La coordination mafieuse entre les groupes de médias – ou organisés en cartels – et ce qu’on appelle le parti judiciaire qui n’est rien d’autre que la récupération par la droite de l’un des pouvoirs clefs de la structure républicaine appelé à être le garant du respect des conditions minimales qui rendent viable la coexistence en société se révèle être l’un des principaux dangers pour la construction de démocraties réelles, profondes et pleines et non des artifices fonctionnels des élites et de leurs alliés comme cela a été la triste tradition dans une grande majorité de nos pays. Les risques que nous affrontons ne sont pas rien.
Comme l’explique bien le journaliste Martín Granovsky, « l’itinéraire de la justice et la dénonciation journalistique en tant que pouvoir moral supérieur » font partie du bélier utilisé pour « produire le pire de la démocratie qui est de la laisser à la charge des chefs d’entreprises déguisés en bienfaiteurs publics. »
Comment les gauches affrontent-elles cette alliance ? Quelle sorte de démocraties peut-elle se construire sous la tutelle des partis médiatiques et judiciaires ? Les processus de changement qui ne se proposent pas de disputer l’hégémonie culturelle et d’affronter directement les pouvoirs factuels sont-ils viables ? Un projet émancipateur peut-il coexister avec la présence d’acteurs de ces pouvoirs factuels intégrés au sein des institutions de l’Etat ?

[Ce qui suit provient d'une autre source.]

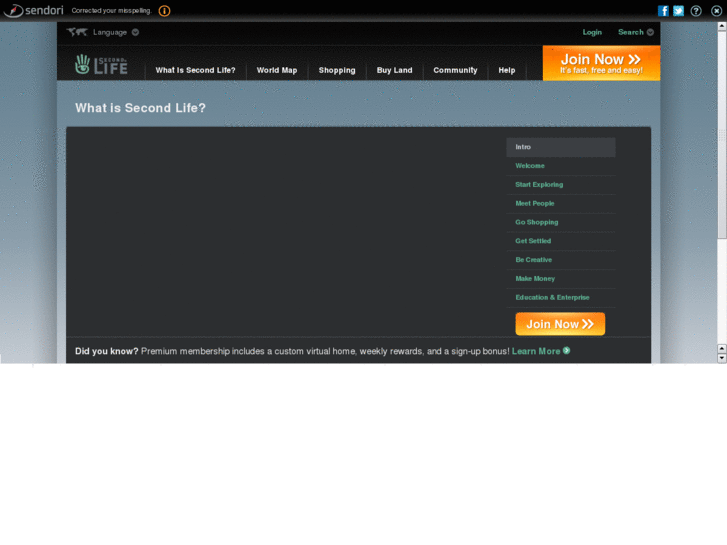 www.wsecondlife.com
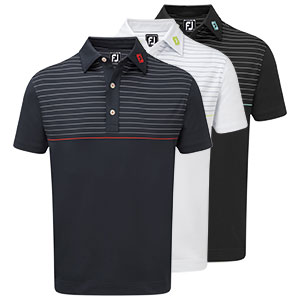 Footjoy Short Sleeve Windshirt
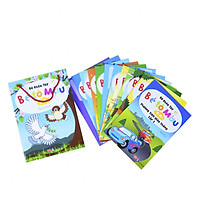 Sách Bộ túi: Bé khéo tay – Bé tô màu 2 – 6+ (12 cuốn)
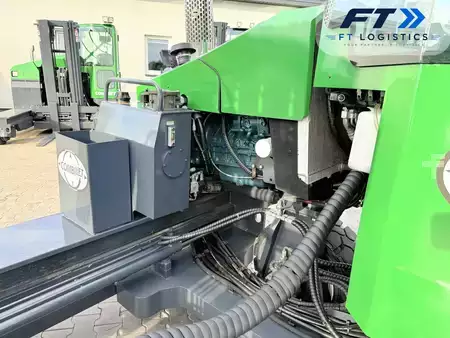Wózki 4-kierunkowe 2016  Combilift C6000XL / DIESEL / TRIPLEX 5500MM / FREE-LIFT / FORK-POSITIONER (15)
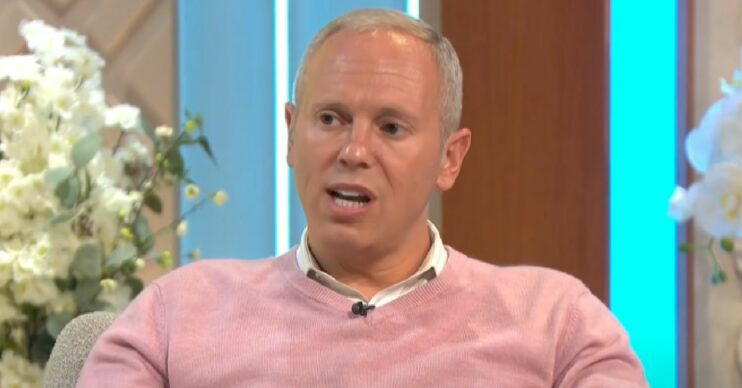 Amazing Hotels star Robert Rinder speaking on Lorraine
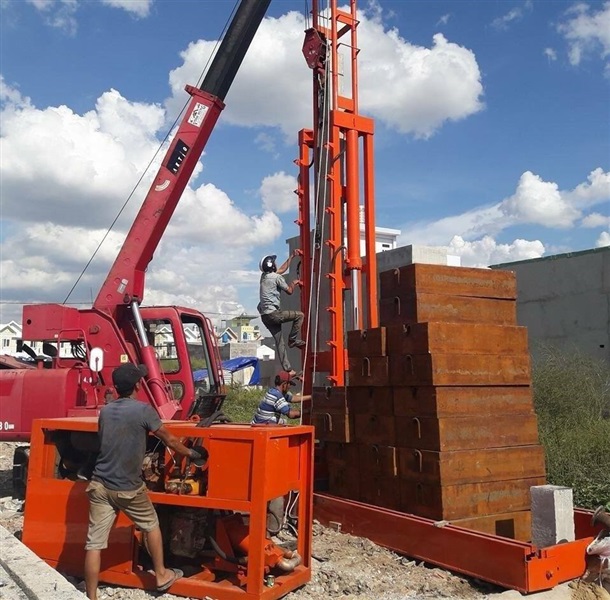 Quy Trình Ép Cọc Neo Đạt Tiêu Chuẩn 2026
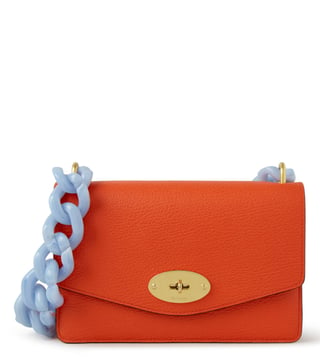 Mulberry Lily Small Bag In Orange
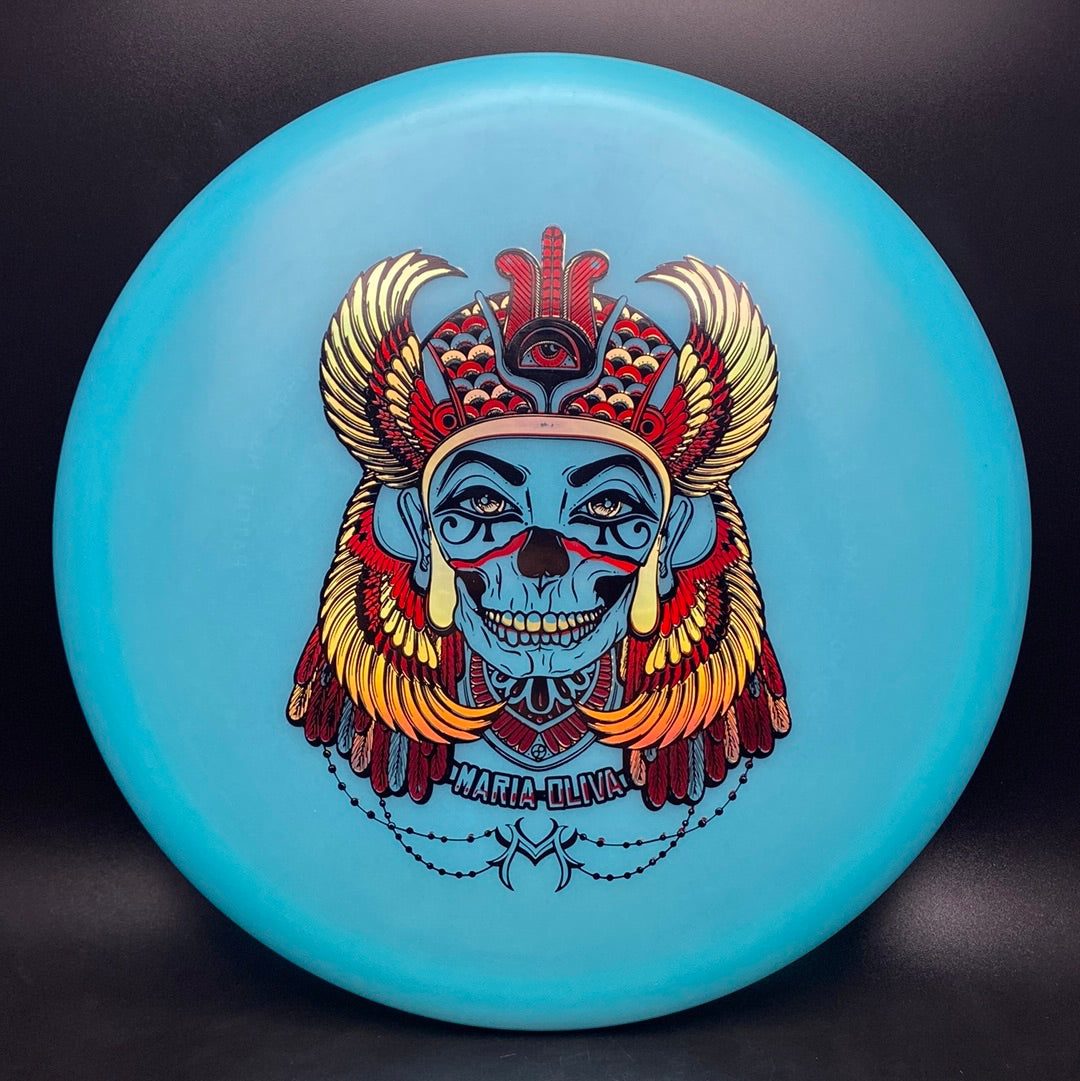 Color Glow C-Blend Anubis - Disque Signature de Maria Oliva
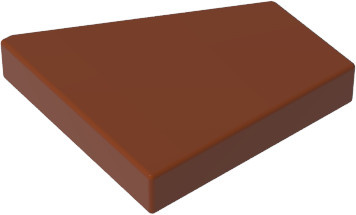 Gobricks Bausteine 2x2 Keilförmige Fliese Links, 10-teiliges Set - Bild 1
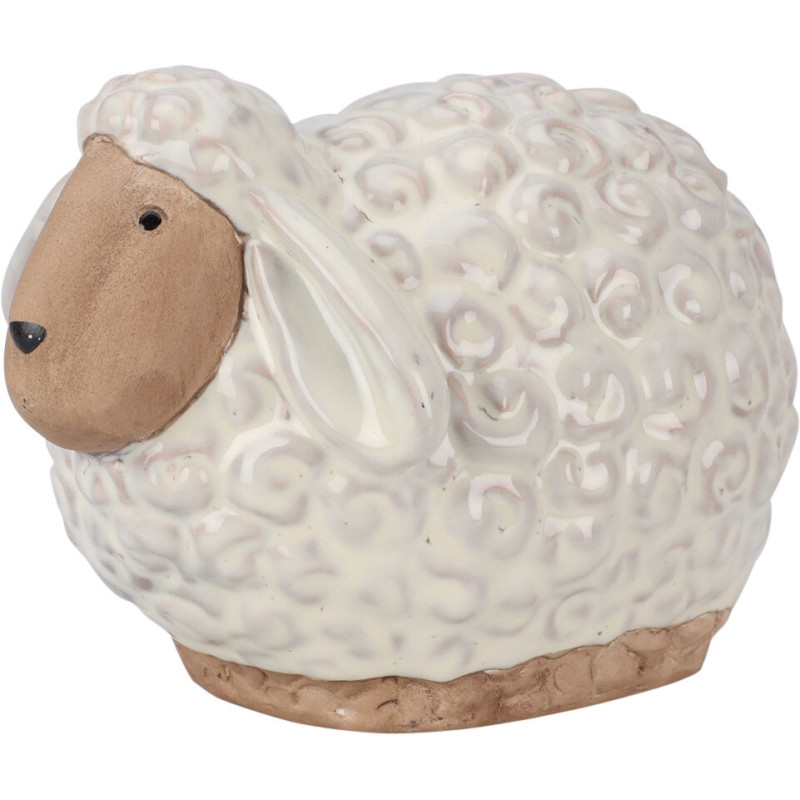 Ko Gris Får Keramik 16 cm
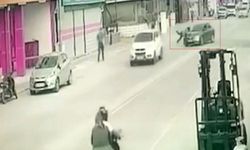 Osmaniye'de otomobilin çarptığı kadın yaralandı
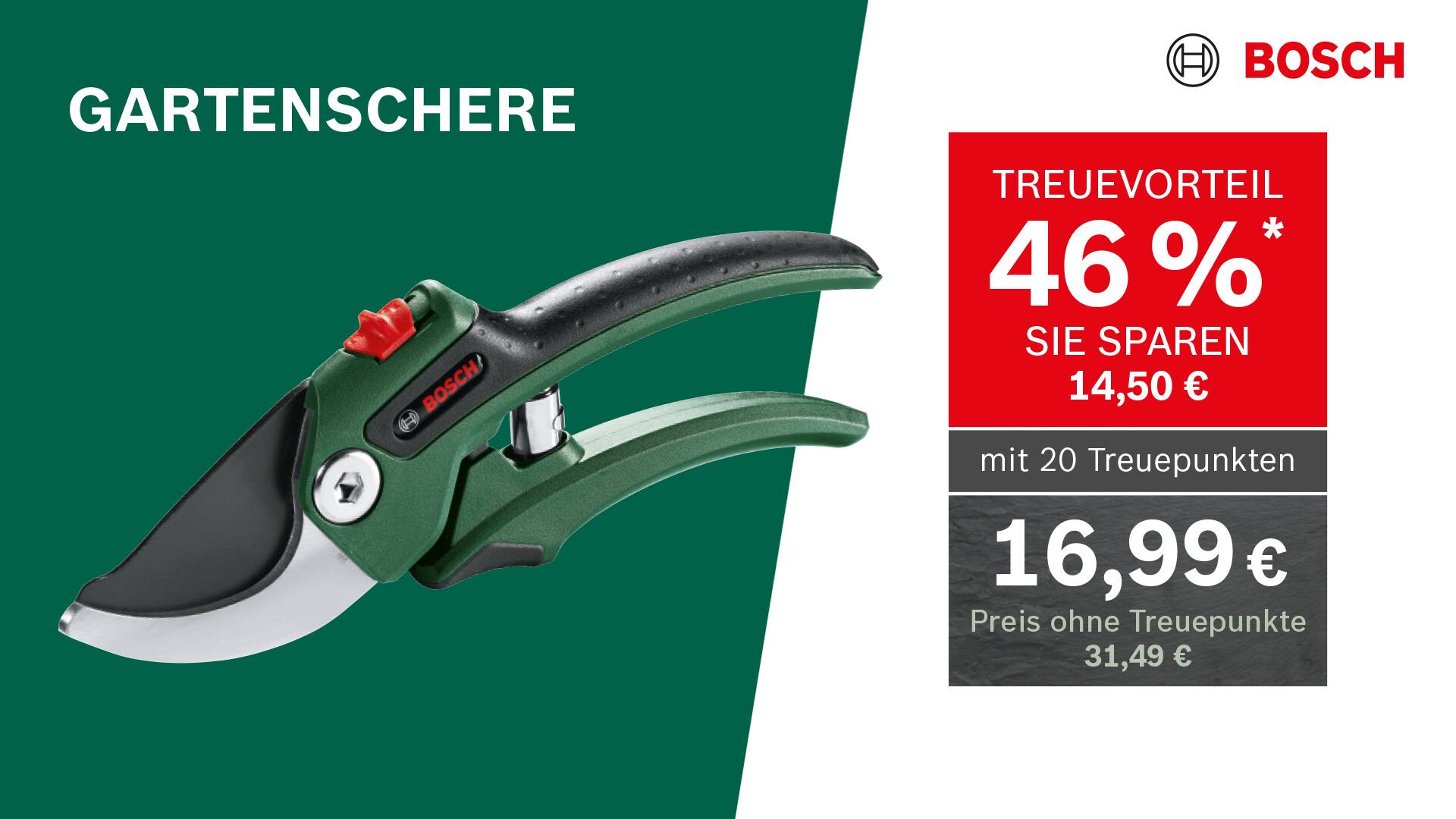 Bosch Treueaktion EDEKA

C’est un débat que nous ne pouvons pas oublier si nous voulons laisser définitivement derrière nous la farce des démocraties contrôlées dans l’ombre : en particulier maintenant, quand augmentent les engrenages d’une offensive de restauration dont la continuité politique s’accompagne de points d’interrogation et qui – comme plusieurs intellectuels l’ont dit – dans le cas du Brésil, pourrait ouvrir des fissures dangereuses pour une nouvelle irruption de l’armée comme élément agissant de la vie politique dans notre Amérique.